Only the lines running from the line with "2019 CHRYSLER PACIFICA LIMITED 2" to the end of the listing below should be copied, exactly, without pictures.

--- Records for processing ---

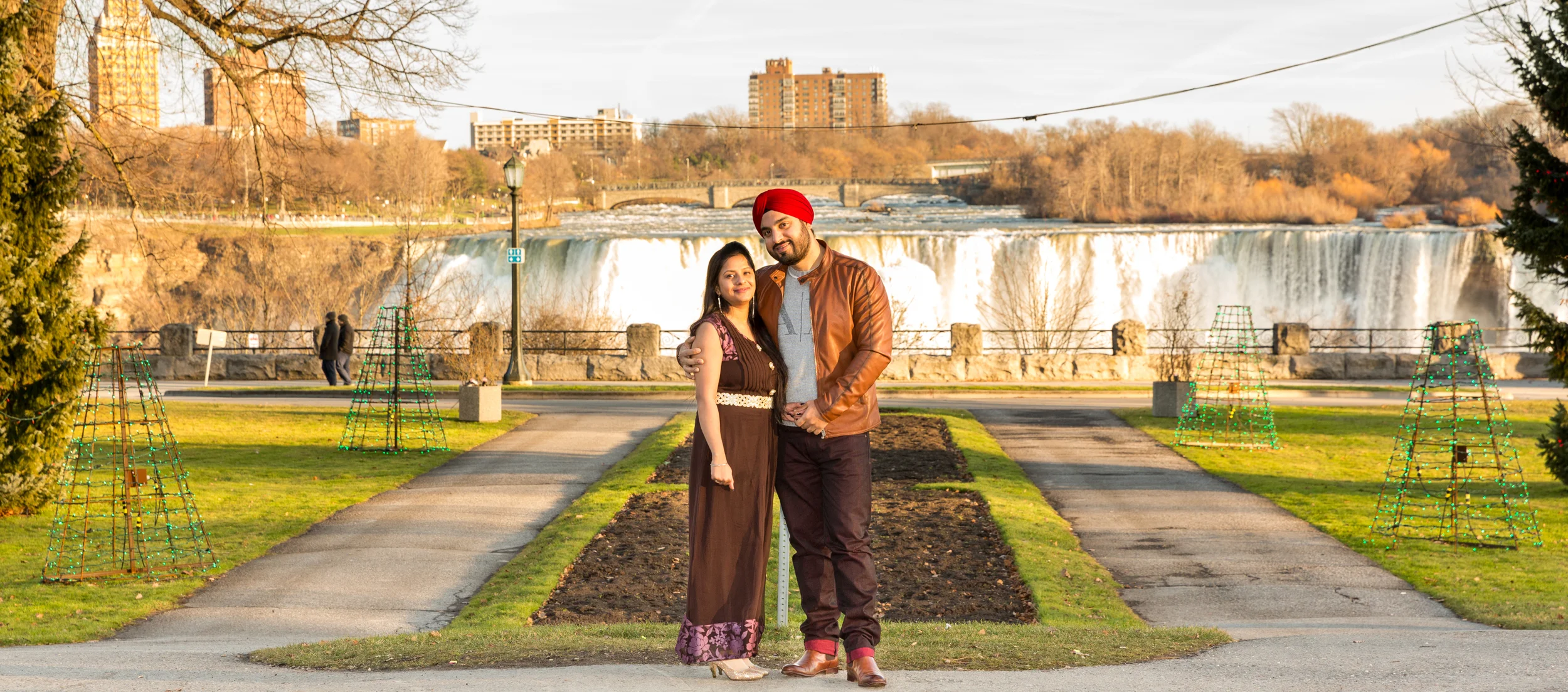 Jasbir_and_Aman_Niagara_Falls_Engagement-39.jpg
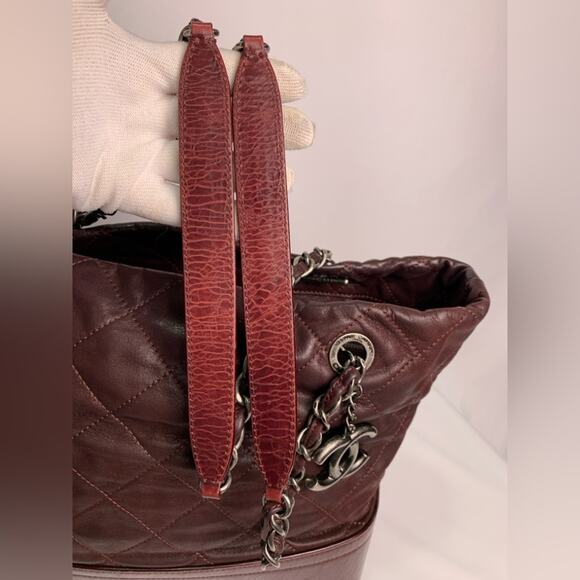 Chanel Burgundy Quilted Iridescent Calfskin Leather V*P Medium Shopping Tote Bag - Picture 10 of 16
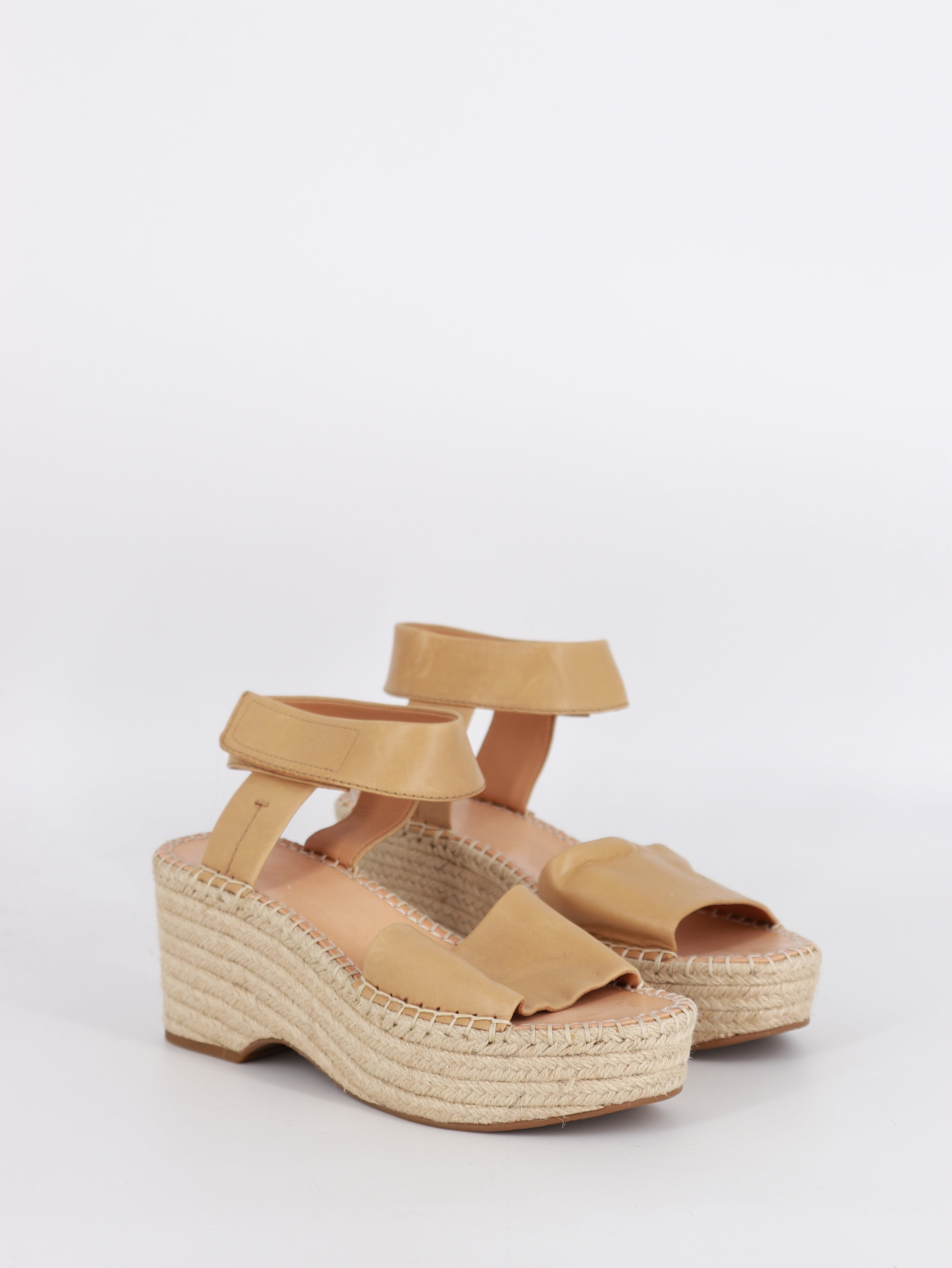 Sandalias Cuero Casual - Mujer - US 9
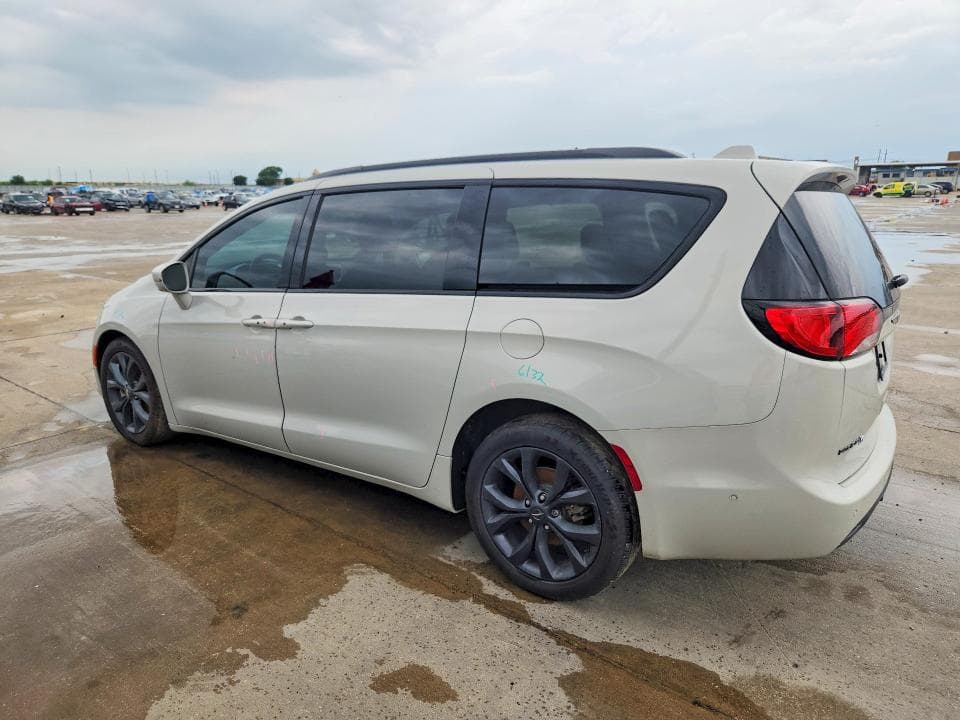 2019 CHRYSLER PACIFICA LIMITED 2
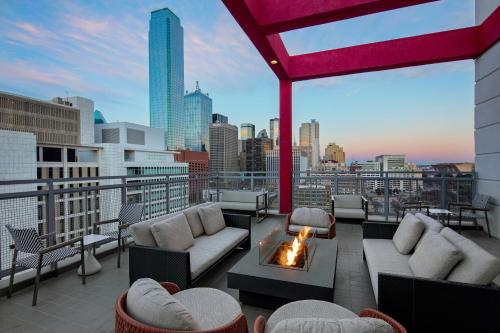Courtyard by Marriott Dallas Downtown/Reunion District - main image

---

* Answer to the problem:
 2019 CHRYSLER PACIFICA LIMITED 2
Courtyard by Marriott Dallas Downtown/Reunion District - main image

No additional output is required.